Alison, TBG volunteer, stumbled upon the Garden’s library and was blown away by the reading material. “I had no idea that this resource was here,” she says. “I wish I wasn’t as busy behind the desk because I would just start reading through all the books on the shelf. It’s a well-kept secret that deserves more attention.”

A Lifetime of Memories

Families like this grow alongside the TBG, using the space to celebrate life’s greatest moments. From retirement parties to graduation photos, TBG volunteer Laura says that “the Garden supports them.” Not only is the Garden itself special, but so are the interconnected surrounding spaces. “We use TBG and Edwards Garden as a passageway to get to Wilket Creek and Sunnybrook Park — it’s a great link to the rest of the park system,” says Laura. The TBG is part of the city’s fabric — growing with people as Toronto continues to expand. “The changes over the seasons are nice to observe,” says Julia, TBG volunteer. “That’s the special thing about outdoor spaces; each day it’s different.”

A Supportive Community Space

The Garden is dependable. It’s a supportive space; one that is constant through the highs and lows of a person’s life. “It’s just relaxing and planting things that grow and become beautiful during the different seasons,” TBG volunteer Paul says.  He appreciates that TBG is a place of rest, peace, and community. “The city is growing so fast and its nice to come to a place to that is quiet and everyone here is happy,” he remarks.

A Community of Plant People

TBG is home to many plant societies, full of members who support each other. “Once you find one plant person, you find them all,” says Gil, TBG volunteer. We are a connected community, working towards one goal, especially here at TBG.” Now he is a proud Toronto Master Gardener in training and a part of the Toronto Nature Stewards.

Gratitude for Friends and Flowers

Volunteering is wider than the time commitment. It is an opportunity to connect and to learn. “I’ve become so interested in plants, flowers, perennials, and annuals,” Ian, TBG volunteer, says. “I’m even looking into horticulture classes and taking out books from the library.” And, not to mention the people (again!).
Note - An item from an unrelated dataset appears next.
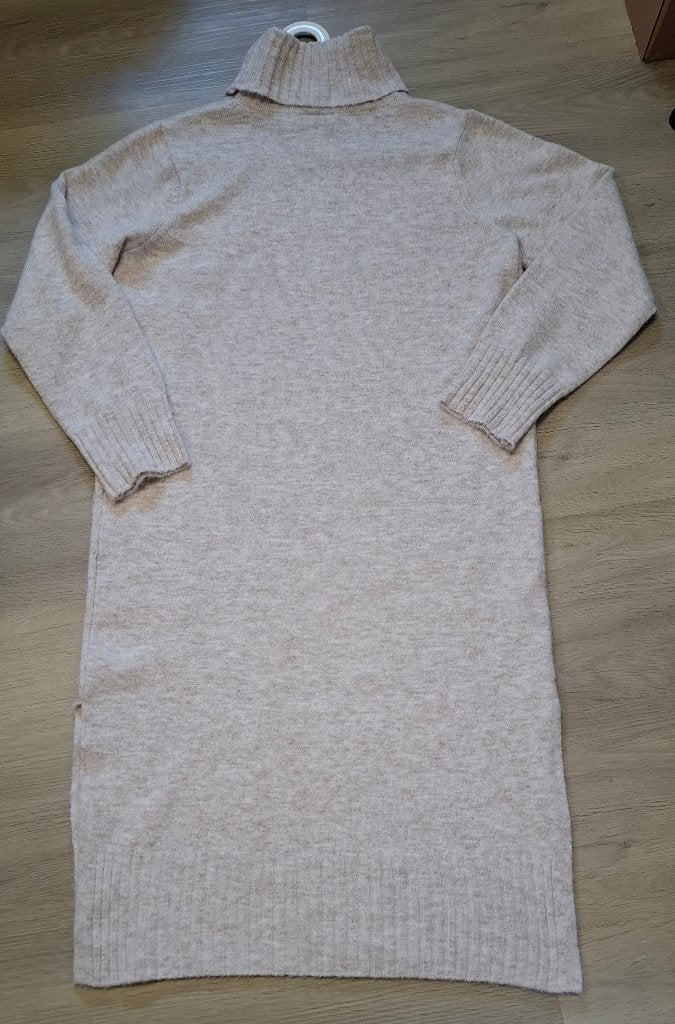 Noisy May Lange Beige Trui Jurk XL, Kleding | Dames, Beige, Maat 46/48 (XL) of groter, Nieuw, Ophalen of Verzenden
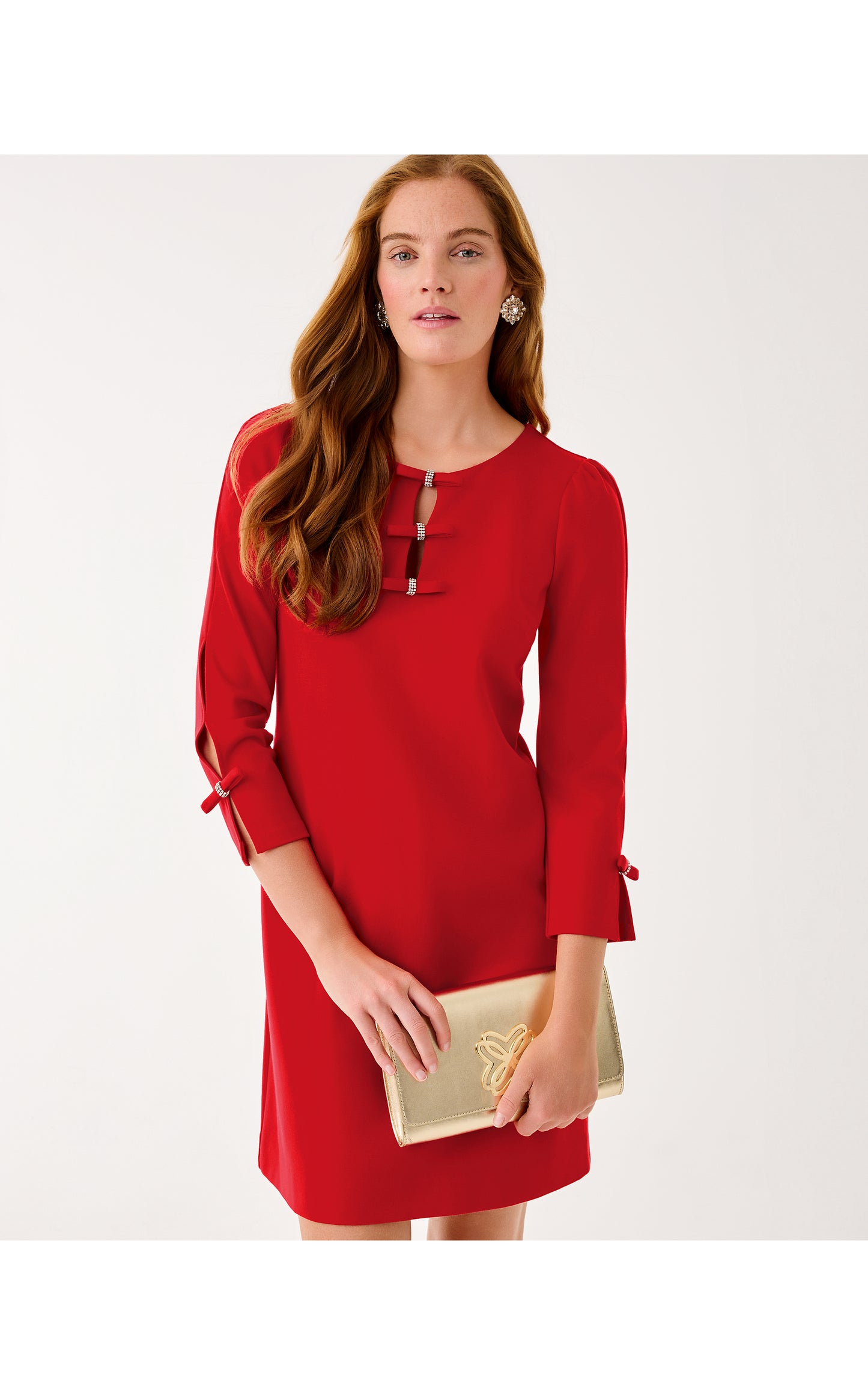 Leyland Shift Dress - Cranberry Red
Amidst Ian’s journey, he has immense gratitude for the Seasonal Horticulturists and the insights shared by the Master Gardeners. “I’ve been impressed by the people who have subject-matter knowledge and use it to solve problems.”

Toronto Botanical Garden: An Extension of Your Backyard

“I live in the neighborhood,” says Bianca Da Costa, TBG volunteer. “Toronto Botanical Garden is an extension of my backyard.”  With a deep sense of pride, Bianca has woven herself into the fabric of the Garden, forging connections and nurturing a sense of community.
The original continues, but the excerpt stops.